When there is a tsunami coming towards your home, you want to know about it as far in advance as possible. An early warning about such a disaster could save countless lives, and using Global Positioning System information may just be the way to speed up our reaction time in the future.
The traditional tsunami warning system relies on measuring the magnitude of the earthquake that causes the tsunami. This method is not always reliable, though, as calculating accurately the power of the resulting ocean waves takes hours or days.
For example, 2005 Nias quake near Indonesia was estimated to cause about the same size of tsunami as the powerful 2004 Indian Ocean quake, which destroyed cities in portions of Indonesia, India and Thailand and killed more than 225,000 people. The 2005 tsunami did not nearly meet the same proportions as the earlier quake. There have been five false tsunami alarms between 2005 and 2007, which can reduce the effectiveness of the warnings in the eye of the public.
In a study published in the December Geophysical Research Letters, researcher Y. Tony Song of NASA’s Jet Propulsion Laboratory in Pasadena, California, showed that using GPS from coastal areas near the epicenter of the quake could help more accurately and quickly determine the scale of a tsunami.
Here’s how it would potentially work: data from seismometers near the earthquake’s epicenter is first registered, as in the traditional system. After that, GPS data of the seafloor displacement is factored in, which gives a more complete picture of the extent and power of the earthquake. The size of the predicted tsunami is then quickly calculated and given a number between 1 and 10 – 1 being the lowest – much like the Richter scale. This information could then be passed through the tsunami warning system to evacuate people to safety.
GPS data helps create a 3-dimensional model of the tsunami by giving details about the horizontal and vertical displacement of the seafloor, and this data can be sent and analyzed in minutes from coastal GPS stations.
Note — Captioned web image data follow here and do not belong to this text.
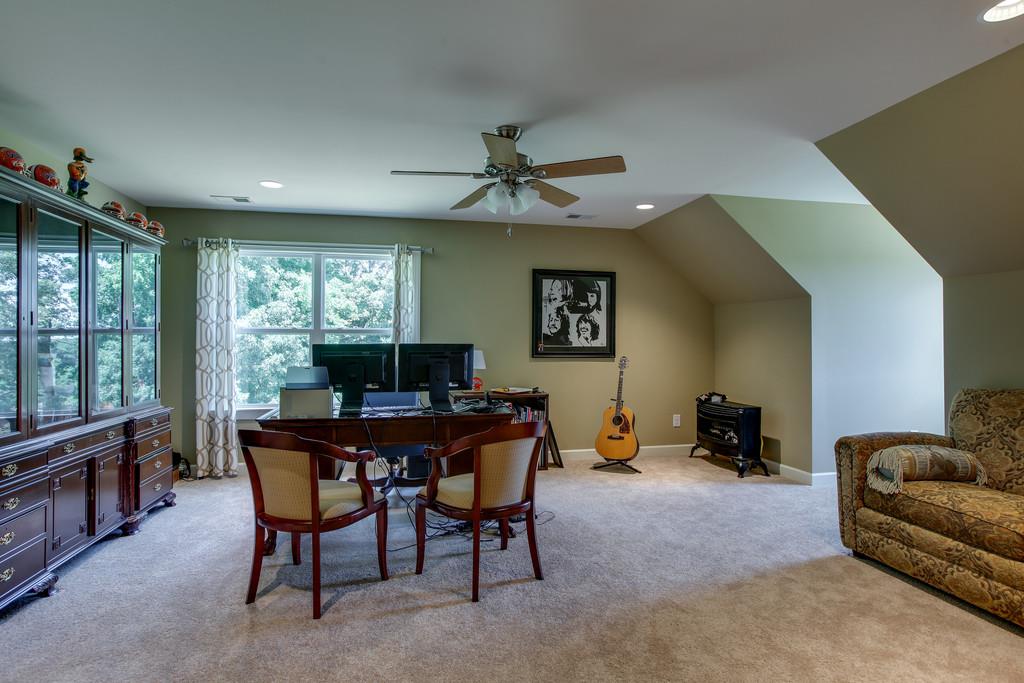 7901 Pinewood Road Fairview, TN 37062 - Photo 26 of 30 a view of a livingroom with furniture window and outside view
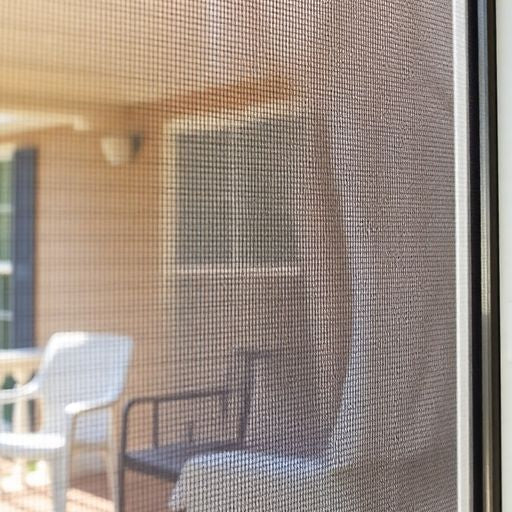 Close-up of a newly installed screen door.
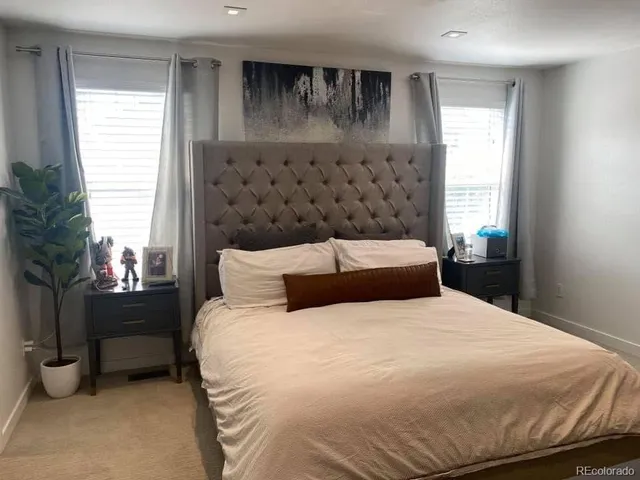 a bedroom with a large bed and a window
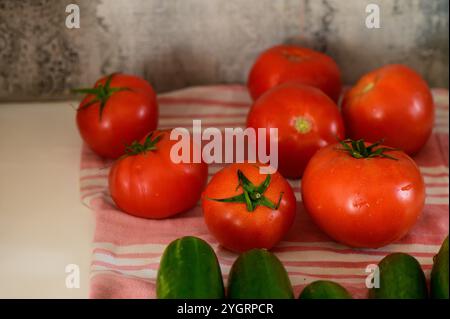 Tomates et concombres fraîchement récoltés disposés magnifiquement sur un chiffon doux et rayé dans une cuisine chaleureuse. Banque D'Images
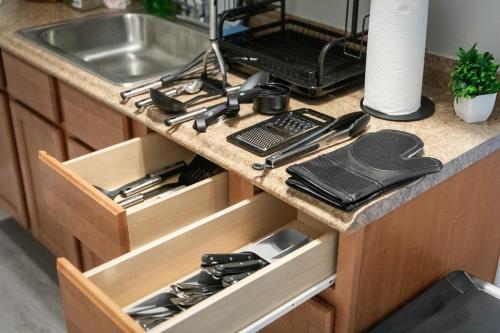 a kitchen counter with a sink and a drawer with utensils at King Bed 2 TVs Fast Wifi Pet Friendly! in Cleveland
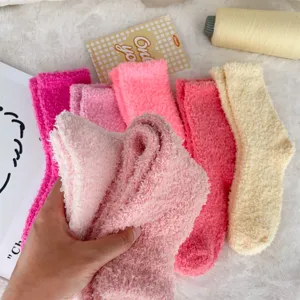 Detailed macro view of soft coral fleece socks in vibrant candy pink and cream colors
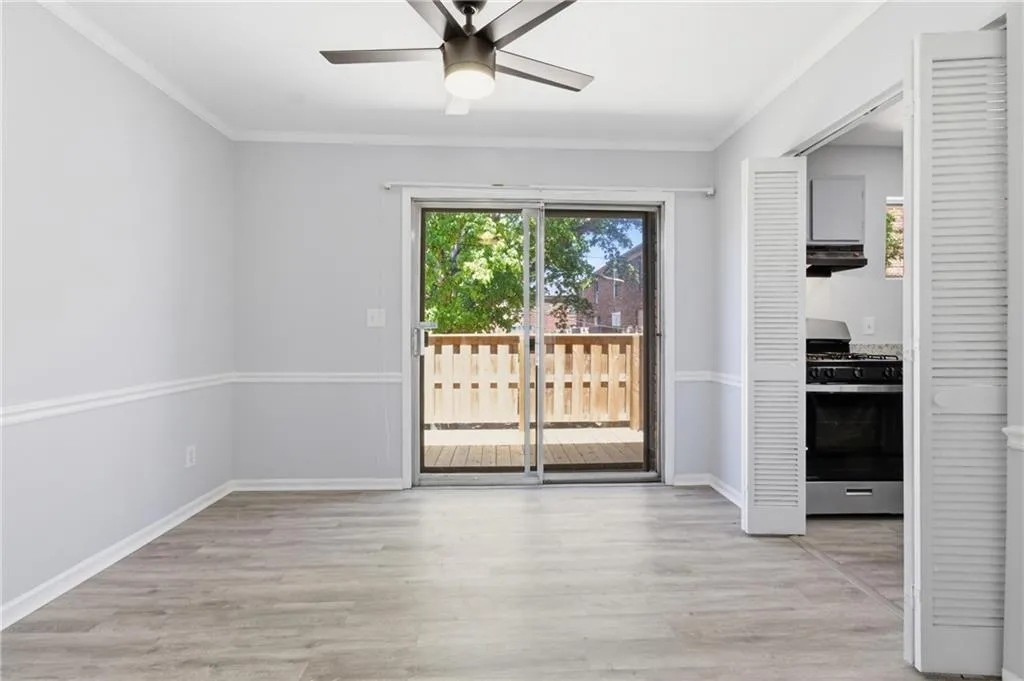 Doorway to outside with wood finished floors, a ceiling fan, and ornamental molding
Song’s methods have accurately modeled three previous tsunamis: one in Alaska in 1964, the Indian Ocean tsunami in 2004, and the 2005 Nias tsunami.
Source: JPL Press Release
Your figure (apparently a model of the Indian Ocean Tsunami of 2004) indicates a modeled positive tsunami sea level response of between 1 and 16 metres occurring in the Gulf of Thailand from an event centred off the north west coast of Sumatra. An event of this magnitude would have had serious effects on both Bangkok and on Pattayya beach. Am I correct in assuming that the model does not take local topography into account or were there been reports of tsunami activity in that gulf that did not get public attention?
Timothy,
The picture is from this link: http://www.noaanews.noaa.gov/stories2005/s2365.htm
You are right that it’s the Indian Ocean Tsunami, but it’s two hours after the quake. If you click on the picture to enlarge it, you’ll notice that the scale is in centimeters and not meters. Thanks for your comment, and hope this helps!